Alpert’s correlations of fire ceiling jets have been widely used in the design of heat detectors and sprinklers since the 1970s. However, these correlations are primarily derived from large fire tests of 3.8–98 MW, high ceilings, and ideal liquid spraying flames. Thus, the feasibility of Alpert’s correlations for the smoke ceiling jet in early-stage fire detection with smaller fire sizes is still unclear. This study constructs a numerical model that is first validated by Alpert’s original ceiling temperature and velocity data of large fire powers.
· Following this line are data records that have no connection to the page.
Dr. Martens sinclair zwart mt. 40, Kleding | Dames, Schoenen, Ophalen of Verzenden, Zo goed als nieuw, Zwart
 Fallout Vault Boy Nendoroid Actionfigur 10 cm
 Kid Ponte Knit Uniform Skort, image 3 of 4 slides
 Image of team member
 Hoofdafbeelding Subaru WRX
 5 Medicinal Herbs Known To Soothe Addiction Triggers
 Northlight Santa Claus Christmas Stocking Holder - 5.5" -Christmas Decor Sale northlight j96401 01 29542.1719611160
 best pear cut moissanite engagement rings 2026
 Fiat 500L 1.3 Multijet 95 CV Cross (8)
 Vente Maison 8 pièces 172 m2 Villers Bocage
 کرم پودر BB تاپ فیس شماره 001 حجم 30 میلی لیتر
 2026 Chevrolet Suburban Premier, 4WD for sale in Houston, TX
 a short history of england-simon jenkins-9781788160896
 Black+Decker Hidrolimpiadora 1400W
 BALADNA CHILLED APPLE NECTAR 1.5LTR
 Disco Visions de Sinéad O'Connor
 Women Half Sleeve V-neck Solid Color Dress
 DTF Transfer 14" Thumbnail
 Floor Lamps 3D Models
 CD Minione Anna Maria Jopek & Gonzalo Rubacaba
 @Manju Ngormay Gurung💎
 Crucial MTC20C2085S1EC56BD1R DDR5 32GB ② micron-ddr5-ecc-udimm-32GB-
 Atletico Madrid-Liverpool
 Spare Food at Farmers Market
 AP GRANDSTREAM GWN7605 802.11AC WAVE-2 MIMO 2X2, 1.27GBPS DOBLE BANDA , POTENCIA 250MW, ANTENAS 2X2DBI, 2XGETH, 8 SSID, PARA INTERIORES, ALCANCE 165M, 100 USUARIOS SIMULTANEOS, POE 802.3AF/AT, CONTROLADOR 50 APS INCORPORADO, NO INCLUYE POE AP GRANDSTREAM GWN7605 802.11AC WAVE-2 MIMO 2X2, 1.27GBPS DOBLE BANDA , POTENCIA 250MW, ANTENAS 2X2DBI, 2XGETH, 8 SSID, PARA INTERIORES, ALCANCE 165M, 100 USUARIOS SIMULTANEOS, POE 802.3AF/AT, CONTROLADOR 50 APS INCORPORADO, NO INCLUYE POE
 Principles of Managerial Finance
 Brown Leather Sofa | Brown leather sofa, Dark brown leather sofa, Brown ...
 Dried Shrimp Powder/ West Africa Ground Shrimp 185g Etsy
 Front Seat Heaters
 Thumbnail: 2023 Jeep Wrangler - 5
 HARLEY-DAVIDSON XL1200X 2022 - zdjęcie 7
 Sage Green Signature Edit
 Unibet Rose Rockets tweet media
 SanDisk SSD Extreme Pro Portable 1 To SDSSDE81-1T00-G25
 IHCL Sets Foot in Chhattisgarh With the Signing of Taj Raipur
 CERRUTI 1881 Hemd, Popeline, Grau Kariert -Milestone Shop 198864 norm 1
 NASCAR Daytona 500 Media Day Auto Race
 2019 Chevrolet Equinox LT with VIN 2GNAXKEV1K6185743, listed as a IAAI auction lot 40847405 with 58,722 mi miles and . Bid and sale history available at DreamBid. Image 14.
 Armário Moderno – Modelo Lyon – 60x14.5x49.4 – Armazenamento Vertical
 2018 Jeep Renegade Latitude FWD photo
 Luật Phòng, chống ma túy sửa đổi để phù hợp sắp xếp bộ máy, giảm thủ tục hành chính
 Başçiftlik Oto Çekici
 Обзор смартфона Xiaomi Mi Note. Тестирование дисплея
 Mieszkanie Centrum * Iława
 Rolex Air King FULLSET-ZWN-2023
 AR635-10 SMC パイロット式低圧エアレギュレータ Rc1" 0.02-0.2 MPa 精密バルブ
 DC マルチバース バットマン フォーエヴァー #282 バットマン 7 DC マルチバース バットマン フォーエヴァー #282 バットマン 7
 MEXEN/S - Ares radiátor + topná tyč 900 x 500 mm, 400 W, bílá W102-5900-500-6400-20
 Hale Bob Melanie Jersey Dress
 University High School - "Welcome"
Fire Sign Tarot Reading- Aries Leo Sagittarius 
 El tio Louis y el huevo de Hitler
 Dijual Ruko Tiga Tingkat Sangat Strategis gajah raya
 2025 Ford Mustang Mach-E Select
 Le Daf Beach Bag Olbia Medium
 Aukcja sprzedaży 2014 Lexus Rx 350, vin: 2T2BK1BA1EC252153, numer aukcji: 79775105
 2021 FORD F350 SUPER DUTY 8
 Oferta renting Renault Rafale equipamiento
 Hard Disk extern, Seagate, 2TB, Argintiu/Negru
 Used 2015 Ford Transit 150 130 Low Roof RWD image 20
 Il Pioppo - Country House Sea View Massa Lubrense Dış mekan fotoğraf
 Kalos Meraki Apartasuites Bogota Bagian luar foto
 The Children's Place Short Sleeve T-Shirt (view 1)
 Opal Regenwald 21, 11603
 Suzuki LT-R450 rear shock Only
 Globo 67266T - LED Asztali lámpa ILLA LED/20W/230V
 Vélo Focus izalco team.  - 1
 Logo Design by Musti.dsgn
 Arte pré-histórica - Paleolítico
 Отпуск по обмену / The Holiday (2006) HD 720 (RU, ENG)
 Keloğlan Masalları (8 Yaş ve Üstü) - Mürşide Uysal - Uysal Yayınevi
Then, the numerical model further explores the feasibility of Alpert’s correlations in predicting the gas temperature and velocity in steady-burning fires with 50–500 kW. Modelling confirms the accuracy of Alpert’s temperature correlations for the ceiling jet region, but suggests a large uncertainty of assuming a constant turning-region temperature for early-stage fires. Moreover, the modelled velocity pattern of smoke ceiling jet in the plume region is non-uniform, and its value in the ceiling jet region is significantly higher than Alpert’s fitting correlation. Finally, the response time of the heat detector and sprinkler in the ceiling jet region predicted by the numerical model is shorter than Alpert’s correlations, which suggests the conventional design based on Alpert’s correlations is sufficiently conservative.